Expression of Transforming Growth Factor Beta 1 in Lung Adenocarcinoma and Its Relationship with Circulating Tumour Cells
摘要
To investigate the relationship between the expression of transforming growth factor beta 1 (TGF-β1), epithelial–mesenchymal transition (EMT)-related proteins, circulating tumour cells (CTCs) positivity rate and tumour differentiation degree in lung adenocarcinoma. A prospective study was conducted, including 78 patients with lung adenocarcinoma who underwent surgical resection at our hospital between March 2021 and December 2021. Clinical data, lung adenocarcinoma and adjacent tissues were collected. Western blot, immunohistochemistry and RT-PCR were used to detect the expression of TGF-β1, EMT-related proteins (E-cadherin, vimentin) and mRNA in lung adenocarcinoma. Peripheral blood for CTC analysis was collected within 1 week before surgical resection. Pearson correlation analysis was employed to assess the relationship between TGF-β1, EMT and CTCs. There was a significant correlation between the positive rate of CTCs and the degree of tumour differentiation in patients with lung adenocarcinoma (P < 0.05). The expression of TGF-β1 increased significantly as the degree of differentiation decreased (P < 0.05). It was positively correlated with vimentin expression and negatively correlated with E-cadherin expression (P < 0.05). High expression of TGF-β1 in lung adenocarcinoma promotes EMT and the occurrence of CTCs and is associated with the degree of tumour differentiation.

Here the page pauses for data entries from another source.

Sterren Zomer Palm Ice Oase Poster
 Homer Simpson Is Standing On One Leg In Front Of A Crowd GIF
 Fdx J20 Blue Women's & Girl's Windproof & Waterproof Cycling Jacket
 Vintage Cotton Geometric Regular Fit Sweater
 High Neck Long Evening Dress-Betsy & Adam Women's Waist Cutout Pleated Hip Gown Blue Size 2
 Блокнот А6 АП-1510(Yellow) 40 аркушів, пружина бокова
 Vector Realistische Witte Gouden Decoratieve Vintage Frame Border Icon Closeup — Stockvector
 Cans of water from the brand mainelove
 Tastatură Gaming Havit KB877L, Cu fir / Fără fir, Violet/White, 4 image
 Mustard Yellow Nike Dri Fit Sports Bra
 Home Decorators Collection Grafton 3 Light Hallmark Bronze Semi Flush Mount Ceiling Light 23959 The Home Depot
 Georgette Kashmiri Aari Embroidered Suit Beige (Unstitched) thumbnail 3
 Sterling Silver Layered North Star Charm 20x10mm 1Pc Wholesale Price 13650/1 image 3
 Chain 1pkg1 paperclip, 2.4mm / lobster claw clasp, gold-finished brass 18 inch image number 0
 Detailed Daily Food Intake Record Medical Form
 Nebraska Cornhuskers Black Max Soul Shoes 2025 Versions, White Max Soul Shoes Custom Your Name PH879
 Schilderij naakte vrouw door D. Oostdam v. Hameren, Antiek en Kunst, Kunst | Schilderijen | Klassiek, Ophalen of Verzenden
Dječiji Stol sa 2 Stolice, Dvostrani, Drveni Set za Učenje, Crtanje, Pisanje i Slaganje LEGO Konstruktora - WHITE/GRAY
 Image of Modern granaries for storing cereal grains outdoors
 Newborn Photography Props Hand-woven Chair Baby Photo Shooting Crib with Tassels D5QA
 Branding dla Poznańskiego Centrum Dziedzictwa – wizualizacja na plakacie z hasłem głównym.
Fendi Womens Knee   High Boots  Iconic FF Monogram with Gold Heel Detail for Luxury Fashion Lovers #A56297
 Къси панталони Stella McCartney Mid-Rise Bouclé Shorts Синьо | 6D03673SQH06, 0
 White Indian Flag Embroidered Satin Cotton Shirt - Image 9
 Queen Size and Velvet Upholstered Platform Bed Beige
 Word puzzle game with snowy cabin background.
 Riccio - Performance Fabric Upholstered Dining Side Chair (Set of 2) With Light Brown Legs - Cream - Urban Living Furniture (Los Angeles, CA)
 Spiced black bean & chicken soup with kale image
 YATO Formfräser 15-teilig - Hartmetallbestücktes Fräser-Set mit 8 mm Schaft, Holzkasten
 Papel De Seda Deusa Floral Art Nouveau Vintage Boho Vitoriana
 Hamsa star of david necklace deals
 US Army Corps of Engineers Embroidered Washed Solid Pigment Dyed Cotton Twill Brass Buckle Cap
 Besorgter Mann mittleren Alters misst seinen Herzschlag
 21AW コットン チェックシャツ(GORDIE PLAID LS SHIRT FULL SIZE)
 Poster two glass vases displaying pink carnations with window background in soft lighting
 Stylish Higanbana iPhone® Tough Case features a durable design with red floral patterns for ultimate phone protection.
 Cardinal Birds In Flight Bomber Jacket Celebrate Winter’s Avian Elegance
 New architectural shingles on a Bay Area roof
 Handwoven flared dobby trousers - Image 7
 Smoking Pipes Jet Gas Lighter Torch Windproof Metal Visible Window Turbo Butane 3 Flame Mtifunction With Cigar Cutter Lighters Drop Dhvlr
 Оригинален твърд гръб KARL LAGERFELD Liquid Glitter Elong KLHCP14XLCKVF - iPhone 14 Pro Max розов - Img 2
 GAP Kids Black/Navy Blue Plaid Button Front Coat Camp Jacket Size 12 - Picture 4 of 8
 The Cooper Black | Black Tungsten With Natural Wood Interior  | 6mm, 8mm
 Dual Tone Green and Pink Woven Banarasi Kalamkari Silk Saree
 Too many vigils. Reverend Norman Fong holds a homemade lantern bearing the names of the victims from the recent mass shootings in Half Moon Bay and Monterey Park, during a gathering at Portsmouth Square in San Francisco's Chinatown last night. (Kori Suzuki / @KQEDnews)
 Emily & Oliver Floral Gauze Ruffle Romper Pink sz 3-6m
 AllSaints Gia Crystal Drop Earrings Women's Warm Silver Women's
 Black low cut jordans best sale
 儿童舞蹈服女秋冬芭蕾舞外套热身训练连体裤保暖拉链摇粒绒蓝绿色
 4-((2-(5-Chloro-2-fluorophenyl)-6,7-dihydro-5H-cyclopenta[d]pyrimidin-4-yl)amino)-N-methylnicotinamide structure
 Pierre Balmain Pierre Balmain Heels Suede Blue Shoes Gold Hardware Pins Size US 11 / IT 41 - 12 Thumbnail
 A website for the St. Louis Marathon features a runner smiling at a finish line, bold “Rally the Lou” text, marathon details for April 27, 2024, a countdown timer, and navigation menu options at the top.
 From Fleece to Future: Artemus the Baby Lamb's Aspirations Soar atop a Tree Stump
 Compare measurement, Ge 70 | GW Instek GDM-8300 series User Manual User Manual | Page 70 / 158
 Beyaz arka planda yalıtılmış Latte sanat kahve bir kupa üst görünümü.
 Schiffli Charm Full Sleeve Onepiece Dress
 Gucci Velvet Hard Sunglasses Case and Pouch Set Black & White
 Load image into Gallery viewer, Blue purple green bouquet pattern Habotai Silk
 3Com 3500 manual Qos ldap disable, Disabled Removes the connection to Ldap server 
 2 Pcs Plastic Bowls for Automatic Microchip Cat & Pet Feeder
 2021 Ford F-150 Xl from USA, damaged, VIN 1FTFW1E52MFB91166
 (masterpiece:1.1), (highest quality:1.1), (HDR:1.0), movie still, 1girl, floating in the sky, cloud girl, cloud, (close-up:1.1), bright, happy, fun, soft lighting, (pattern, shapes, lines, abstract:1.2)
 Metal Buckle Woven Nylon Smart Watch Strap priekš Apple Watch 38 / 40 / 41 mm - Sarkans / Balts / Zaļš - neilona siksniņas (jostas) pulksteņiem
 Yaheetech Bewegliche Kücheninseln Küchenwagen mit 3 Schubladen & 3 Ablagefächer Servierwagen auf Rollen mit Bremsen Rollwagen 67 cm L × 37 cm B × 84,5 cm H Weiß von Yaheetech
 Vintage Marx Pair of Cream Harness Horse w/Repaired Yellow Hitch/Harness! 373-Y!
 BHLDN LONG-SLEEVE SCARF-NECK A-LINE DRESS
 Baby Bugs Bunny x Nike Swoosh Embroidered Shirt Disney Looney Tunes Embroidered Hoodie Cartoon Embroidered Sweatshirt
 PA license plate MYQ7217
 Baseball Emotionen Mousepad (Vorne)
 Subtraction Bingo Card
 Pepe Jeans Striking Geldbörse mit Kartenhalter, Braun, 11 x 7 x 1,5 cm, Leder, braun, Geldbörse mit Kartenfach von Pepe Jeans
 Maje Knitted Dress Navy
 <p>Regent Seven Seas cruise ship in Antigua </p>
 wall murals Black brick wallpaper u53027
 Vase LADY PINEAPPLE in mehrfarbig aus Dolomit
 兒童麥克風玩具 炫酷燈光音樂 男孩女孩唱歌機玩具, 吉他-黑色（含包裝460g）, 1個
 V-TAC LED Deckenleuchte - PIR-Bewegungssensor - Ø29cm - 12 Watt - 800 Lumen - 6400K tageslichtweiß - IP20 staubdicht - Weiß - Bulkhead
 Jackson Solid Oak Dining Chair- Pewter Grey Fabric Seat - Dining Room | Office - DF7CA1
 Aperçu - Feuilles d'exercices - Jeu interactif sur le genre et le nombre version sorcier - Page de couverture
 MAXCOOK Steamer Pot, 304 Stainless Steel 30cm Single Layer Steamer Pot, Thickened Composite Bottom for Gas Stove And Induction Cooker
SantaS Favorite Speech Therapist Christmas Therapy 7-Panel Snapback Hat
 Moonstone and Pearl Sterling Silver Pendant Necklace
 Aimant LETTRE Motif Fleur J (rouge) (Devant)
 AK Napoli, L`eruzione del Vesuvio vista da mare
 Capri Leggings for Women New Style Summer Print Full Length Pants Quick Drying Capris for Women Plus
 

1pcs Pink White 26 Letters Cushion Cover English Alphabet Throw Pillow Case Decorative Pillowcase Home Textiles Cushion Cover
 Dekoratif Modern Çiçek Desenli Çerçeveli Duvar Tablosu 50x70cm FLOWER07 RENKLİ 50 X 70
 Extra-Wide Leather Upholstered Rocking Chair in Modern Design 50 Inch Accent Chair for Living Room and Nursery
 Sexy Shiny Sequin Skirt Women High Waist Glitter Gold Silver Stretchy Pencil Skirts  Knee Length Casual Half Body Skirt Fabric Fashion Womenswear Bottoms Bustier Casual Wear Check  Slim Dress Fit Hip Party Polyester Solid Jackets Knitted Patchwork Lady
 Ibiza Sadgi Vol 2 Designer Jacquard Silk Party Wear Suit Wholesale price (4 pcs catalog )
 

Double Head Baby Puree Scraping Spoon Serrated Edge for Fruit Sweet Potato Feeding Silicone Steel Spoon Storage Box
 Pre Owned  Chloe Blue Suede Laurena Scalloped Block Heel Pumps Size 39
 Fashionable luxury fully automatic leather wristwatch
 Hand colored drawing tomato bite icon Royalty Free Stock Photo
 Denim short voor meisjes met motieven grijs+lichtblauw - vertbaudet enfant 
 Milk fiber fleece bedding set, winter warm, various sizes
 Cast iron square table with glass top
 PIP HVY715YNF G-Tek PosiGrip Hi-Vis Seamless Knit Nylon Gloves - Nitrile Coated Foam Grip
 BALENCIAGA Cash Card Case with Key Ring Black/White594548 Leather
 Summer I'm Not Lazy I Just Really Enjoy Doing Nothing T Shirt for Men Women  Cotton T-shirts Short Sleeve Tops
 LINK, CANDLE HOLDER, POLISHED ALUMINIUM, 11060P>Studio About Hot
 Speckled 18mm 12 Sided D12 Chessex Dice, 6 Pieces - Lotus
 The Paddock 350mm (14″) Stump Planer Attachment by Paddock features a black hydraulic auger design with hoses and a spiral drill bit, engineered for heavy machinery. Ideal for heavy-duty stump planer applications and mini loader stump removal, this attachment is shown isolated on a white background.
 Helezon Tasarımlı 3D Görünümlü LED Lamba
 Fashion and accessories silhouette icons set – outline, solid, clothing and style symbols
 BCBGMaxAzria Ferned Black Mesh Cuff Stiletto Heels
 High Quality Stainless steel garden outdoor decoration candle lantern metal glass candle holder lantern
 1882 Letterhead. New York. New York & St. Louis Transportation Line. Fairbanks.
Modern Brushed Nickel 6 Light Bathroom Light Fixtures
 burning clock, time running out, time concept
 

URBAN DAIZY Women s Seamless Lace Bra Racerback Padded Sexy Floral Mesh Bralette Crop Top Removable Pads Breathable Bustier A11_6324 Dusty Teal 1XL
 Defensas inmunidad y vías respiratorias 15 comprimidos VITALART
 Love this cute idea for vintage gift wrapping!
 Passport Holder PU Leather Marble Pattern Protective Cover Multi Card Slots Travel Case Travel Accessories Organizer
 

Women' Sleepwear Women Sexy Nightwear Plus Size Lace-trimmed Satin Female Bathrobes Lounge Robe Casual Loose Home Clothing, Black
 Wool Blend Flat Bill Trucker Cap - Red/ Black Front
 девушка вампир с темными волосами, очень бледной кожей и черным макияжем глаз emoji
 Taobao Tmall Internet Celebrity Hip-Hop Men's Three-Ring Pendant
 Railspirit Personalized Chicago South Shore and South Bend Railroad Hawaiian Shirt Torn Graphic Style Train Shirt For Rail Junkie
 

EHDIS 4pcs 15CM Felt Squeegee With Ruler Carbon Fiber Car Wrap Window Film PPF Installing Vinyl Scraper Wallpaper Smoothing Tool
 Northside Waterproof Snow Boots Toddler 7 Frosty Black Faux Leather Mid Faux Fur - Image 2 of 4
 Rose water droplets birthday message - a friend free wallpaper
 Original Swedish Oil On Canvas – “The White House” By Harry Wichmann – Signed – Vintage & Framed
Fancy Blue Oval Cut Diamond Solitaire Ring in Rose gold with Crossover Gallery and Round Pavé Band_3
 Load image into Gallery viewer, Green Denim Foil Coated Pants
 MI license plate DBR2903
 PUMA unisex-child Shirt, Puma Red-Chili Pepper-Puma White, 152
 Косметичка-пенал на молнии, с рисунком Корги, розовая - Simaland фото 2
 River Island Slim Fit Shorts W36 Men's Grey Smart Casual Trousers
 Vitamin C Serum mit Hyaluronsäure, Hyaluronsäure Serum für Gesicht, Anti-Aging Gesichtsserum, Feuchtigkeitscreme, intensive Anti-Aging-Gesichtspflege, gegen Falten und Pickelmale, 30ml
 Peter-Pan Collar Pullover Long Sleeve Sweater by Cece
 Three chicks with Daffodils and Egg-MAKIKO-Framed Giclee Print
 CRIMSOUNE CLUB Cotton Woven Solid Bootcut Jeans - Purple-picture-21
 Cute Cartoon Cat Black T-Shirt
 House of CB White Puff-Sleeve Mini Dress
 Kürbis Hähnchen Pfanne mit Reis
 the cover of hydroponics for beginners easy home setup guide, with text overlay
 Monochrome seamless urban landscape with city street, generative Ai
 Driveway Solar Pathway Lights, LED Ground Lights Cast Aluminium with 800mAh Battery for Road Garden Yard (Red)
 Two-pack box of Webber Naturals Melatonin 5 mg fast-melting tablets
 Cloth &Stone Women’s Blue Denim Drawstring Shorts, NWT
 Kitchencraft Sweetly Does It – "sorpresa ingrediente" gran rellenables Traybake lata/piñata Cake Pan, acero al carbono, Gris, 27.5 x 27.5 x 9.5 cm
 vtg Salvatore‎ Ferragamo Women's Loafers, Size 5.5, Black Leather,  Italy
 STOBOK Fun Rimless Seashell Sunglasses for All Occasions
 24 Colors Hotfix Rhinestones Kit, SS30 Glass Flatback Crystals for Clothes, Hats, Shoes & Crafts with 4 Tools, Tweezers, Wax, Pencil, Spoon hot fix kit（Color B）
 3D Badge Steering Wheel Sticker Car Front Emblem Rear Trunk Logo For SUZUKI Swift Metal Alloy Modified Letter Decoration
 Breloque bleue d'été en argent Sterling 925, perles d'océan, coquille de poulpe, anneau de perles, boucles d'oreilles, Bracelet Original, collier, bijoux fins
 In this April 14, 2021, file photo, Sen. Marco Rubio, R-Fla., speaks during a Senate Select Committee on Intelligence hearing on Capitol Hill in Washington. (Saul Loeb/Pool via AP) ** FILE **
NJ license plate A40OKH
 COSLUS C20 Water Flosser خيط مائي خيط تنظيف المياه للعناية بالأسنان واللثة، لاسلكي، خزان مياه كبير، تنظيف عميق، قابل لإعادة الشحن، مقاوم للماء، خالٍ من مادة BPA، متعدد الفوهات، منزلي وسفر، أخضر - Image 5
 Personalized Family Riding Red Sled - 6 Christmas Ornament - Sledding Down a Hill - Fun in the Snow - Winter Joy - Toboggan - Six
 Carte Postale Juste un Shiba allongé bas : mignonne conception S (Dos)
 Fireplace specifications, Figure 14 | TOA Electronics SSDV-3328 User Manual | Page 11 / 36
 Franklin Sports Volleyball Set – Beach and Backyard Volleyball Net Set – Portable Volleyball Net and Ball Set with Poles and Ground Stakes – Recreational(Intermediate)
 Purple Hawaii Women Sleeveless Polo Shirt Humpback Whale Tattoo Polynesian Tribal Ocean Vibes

Graphical AbstractIn 78 treatment of naïve patients with stage I-II lung adenocarcinoma, TGF-β1 expression increased as tumour differentiation declined, accompanied by E‑cadherin downregulation and vimentin upregulation, indicating EMT activation. Preoperative CTC detection using ISET showed a higher CTC-positive rate and exclusive CTC clusters in poorly differentiated tumours, whereas well/moderately differentiated tumours released single CTCs. Transcriptional analysis of CTCs confirmed a TGF-β1-driven EMT signature mirroring the primary tumour. These findings establish a TGF-β1-EMT-CTC axis linking poor differentiation to enhanced CTC shedding and clustering, suggesting a non‑invasive biomarker for early metastatic risk.